Reference · Cheat Sheet 03
Iterated Dominance
Core idea: When you have no dominant move, delete the OTHER player's dominated options first, then re-solve in the smaller game — iterate until stable. What remains is your prediction.
The 4-step routine
- Delete the opponent's strictly dominated strategies. Compare their payoffs across columns (or rows if they choose rows). If one option is worse for them in every scenario you can generate, a rational opponent will never play it — remove it from the matrix.
- Re-check your own strategies in the smaller game. A strategy of yours that wasn't dominated before may become dominated now that some opponent options are gone. If so, eliminate it.
- Repeat from both sides until stable. Keep removing dominated strategies — from either player — until the matrix shrinks no further.
- What remains is your prediction. If a single cell survives, it is the outcome under common knowledge of rationality. If multiple cells remain, further analysis (best response, Nash) is needed — see Lesson 04.

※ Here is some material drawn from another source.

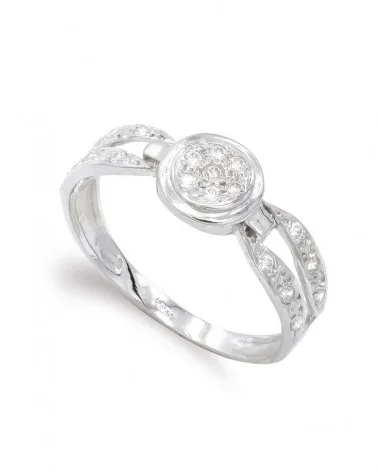 Sortija oro blanco 18k circonitas diseño moderno 7mm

Worked example — 2×3 matrix
You = rows {Up, Down}; Opponent = columns {Left, Middle, Right}. Cells = (your payoff, their payoff).
Before elimination
| Left | Middle | Right |
| Up | (1, 0) | (1, 2) | (0, 1) |
| Down | (0, 3) | (0, 1) | (2, 0) |
Elimination order:
- Delete Right — Middle gives the opponent 2 (vs Right's 1) when you play Up; 1 (vs 0) when you play Down. Middle strictly dominates Right for the opponent.
- Delete Down — In the {Left, Middle} sub-game, Up gives you 1 (vs Down's 0) against Left, and 1 (vs 0) against Middle. Up strictly dominates Down.
- Opponent picks Middle — With only Up remaining for you, they compare Left (0) vs Middle (2). Middle wins.
After elimination — survivor highlighted
| Left | Middle | Right |
| Up | (1, 0) | (1, 2) ✓ | (0, 1) |
| Down | (0, 3) | (0, 1) | (2, 0) |
Predicted outcome: (Up, Middle) = (1, 2). You earn 1; opponent earns 2.
Common knowledge of rationality
- IEDS assumes: everyone is rational, and everyone knows everyone knows that (and so on, infinitely).
- Valid when both parties are experienced and clear-headed.
- Use cautiously against erratic, first-time, or emotionally driven opponents.
Beauty contest — levels of thinking
The "2/3 of the average" game: Everyone picks 0–100; winner is closest to 2/3 of the group average. Under full rationality + common knowledge, the iterated answer is 0. In practice, real people average 20–35 (level-1 or level-2 thinking).
Takeaway: Depth of reasoning is a strategic variable. Being level-1 beats level-0; being level-2 beats level-1. In pricing or ad positioning, know what level your competitor plays at — and be one step deeper.